The Act provided for a three month transition period from 1 July 2013 to 30 September 2013 to allow vehicle owners to bring their motor tax status up to date by making either or both a retrospective and prospective off-road declaration, as appropriate.

The new arrangements have been fully in force since 1 October 2013. These only allow for a future declaration which must be made in the month before tax falls due. The declaration of non-use can be made at any time during that month, either via the local motor tax office or online, and is free of charge. The declaration cannot be made along with a payment of arrears which is payable only once a full month has elapsed i.e. where a vehicle has been without tax for a full calendar month. The minimum period for which a vehicle licence can be taken out is three months.

As the Non-Use of Motor Vehicles Act 2013 made minimal other changes to the existing taxation system, no changes were made to the duration of vehicle licences, which can be taken out for three, six or twelve months, or to the payment of arrears which are required to be paid in conjunction with the taking out of a vehicle licence, where there is a gap of more than a month between the expiry of the last vehicle licence and the renewal of the next licence.

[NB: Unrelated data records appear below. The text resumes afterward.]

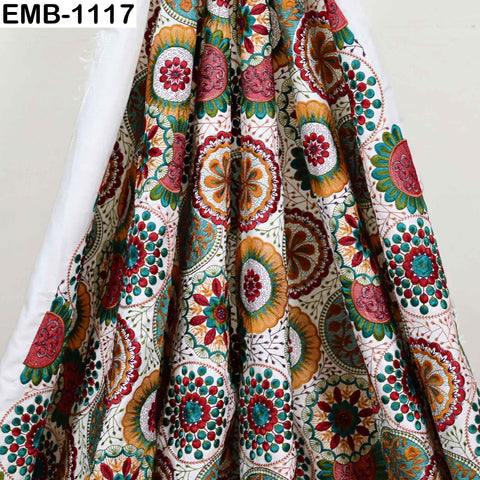 Multicolor Embroidered Viscose Fabric by the Yard (1 Yard) Indian Mandala Pattern: 56 inches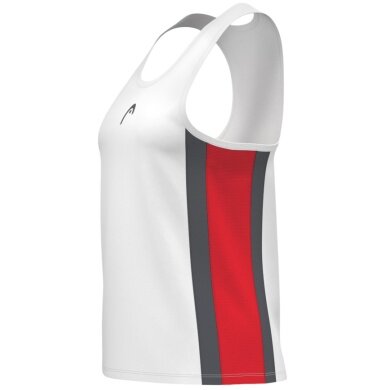 Top tenisowy Head Club 25 (Racer Back) 2025 biało/czerwony dziewczęcy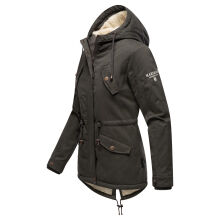 Marikoo Manolya Damen Parka Winterjacke mit Teddyfell Anthrazit Größe L - Gr. 40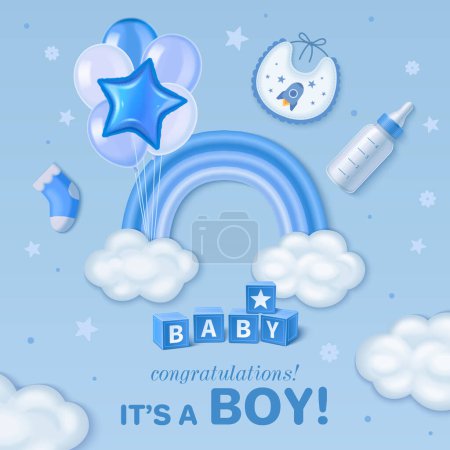 Photo for Realistic baby shower composition background for boys with a rai - Royalty Free Image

There was extensive public notice of the Act’s coming into force and widespread awareness-raising of the new arrangements from before the start of the transition period. The measures are aimed at closing an evasion loophole, costing taxpayers approximately €55m per annum, which was facilitated through the use of retrospective declarations. They are also intended to ensure that motorists keep their vehicle status up to date, that is, the vehicle should be either taxed or the subject of a declaration of non-use. This is important both from an enforcement aspect as well as ensuring a consistent flow of income to the Local Government Fund.